外国人だけではなく日本人も旅行するのが好きな人は多いと思いますが、知らないうちに旅行先であまり治安が良くない地域に宿泊したり、道に迷って不安になった経験はありませんか?

私は旅行先で土地勘がないために何度か恐い思いをした経験があります。その度に、治安を瞬時に把握できるアプリやサービスはないのか探したことがありますが、なかなか地図を用いたサービスは見つかりませんでした。

今回はこうした悩みを解決するべく、以下の目標が達成されるマップを作りたいと思いました。

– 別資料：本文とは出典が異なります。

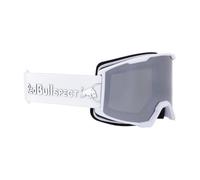Red Bull SPECT SOLO-012 Lunettes de Ski Mixte - Lentille Cylindrique Protection UV Revêtement Anti-buée Compatible avec Casque Blanc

  • 不審者が発生しやすい場所をマップ上で可視化する

  • 言語がわからなくても色彩により危険度を察知できるようなマップをデザインする

どのような工程で作成したのか

マップをデザインするまでの大まかな工程は以下のとおりです。

1. 警視庁の「町丁別、罪種別及び手口別認知件数」と町丁ごとの人口をスプレットシートにまとめ、各地域(区町丁別)の犯罪発生率を計算する。

※今回のマップで用いた犯罪発生率は犯罪件数÷人口×単位人口(1000人)の式から数字を導いている。(参考にした情報) これにより各地域の犯罪発生率は「1000人あたり何件犯罪が発生しているのか」をわかりやすく求められる。

2.各地域のポリゴンデータを取得する。

3.CSVに書き出す。

4.Geojasonに書き出す。

5.Mapboxstudioに落とし込み、デザインを編集する

今回、ポリゴンデータの取得やCSVに書き出すためのコードは社員さんに手伝っていただきました。犯罪情報マップを実装するために必要なスプレッドシートの書き方や注意点をまとめてみました。

スプレッドシートを用いる際の注意点

Mapbox Studioに地域ごとの犯罪発生率などのデータを落とし込むためにはスプレッドシートを用いて情報を整理した後に、CSVからGeojasonに書き出す方法があります。その際にいくつかスプレッドシートへの書き方で注意すべき点があります。

  • 各項目の表示名は英語で表記する(英語が苦手な人はローマ字表記でもいい)

例えば、世田谷区の丁目別で人口や犯罪発生率をまとめたい場合、1列目の項目表示名は「20年度人口」ではなく「20_population」などと英語表記にしなくてはなりません。スプレッドシートにまとめた後はコードを書くことになるので、アルファベット表記の方が便利だそうです。英語が苦手な方は「20_jinkou」でも大丈夫です!

  • 行(A~)をグループ化できないので、シートを上手く活用する

マップ作成にあたり苦労した点

  • 不審者情報マップを犯罪発生率マップに変更した。

最初は犯罪発生率マップではなく不審者情報マップを作成する予定でした。しかし、不審者情報がまとまっている資料は少なく、情報の信憑性も確保できなかったため、不審者情報ではなく警視庁がまとめた犯罪情報でマップを作成することに予定を変更しました。

  • デザインにこだわることができなかった。

Mapbox Studioを使って色彩により危険度を確認するデザインを実装するのは思いの外難しく、具体的に参考にするマップが見つからないまま進めてしまいました。デザイン性の高いMapbox Studioには様々な機能が備わっているのですが、それ故に使いこなすのに時間がかかるとも思いました。

最後に

旅行先で土地勘がないために恐い思いをした経験から犯罪発生率マップを作成しようと試みましたが実際には実装まで至らず、マップのレイヤー1つ作成するのにも大変な労力と時間がかけられていることを学びました。しかしながら、私のようなMapbox Studio初心者でもレイヤーを自力で作れる可能性があることを知れたことは大きな学びでありました。また、Mapboxでデザインされた地図がこれからも社会のためになることを、このプロジェクトから再確認しました。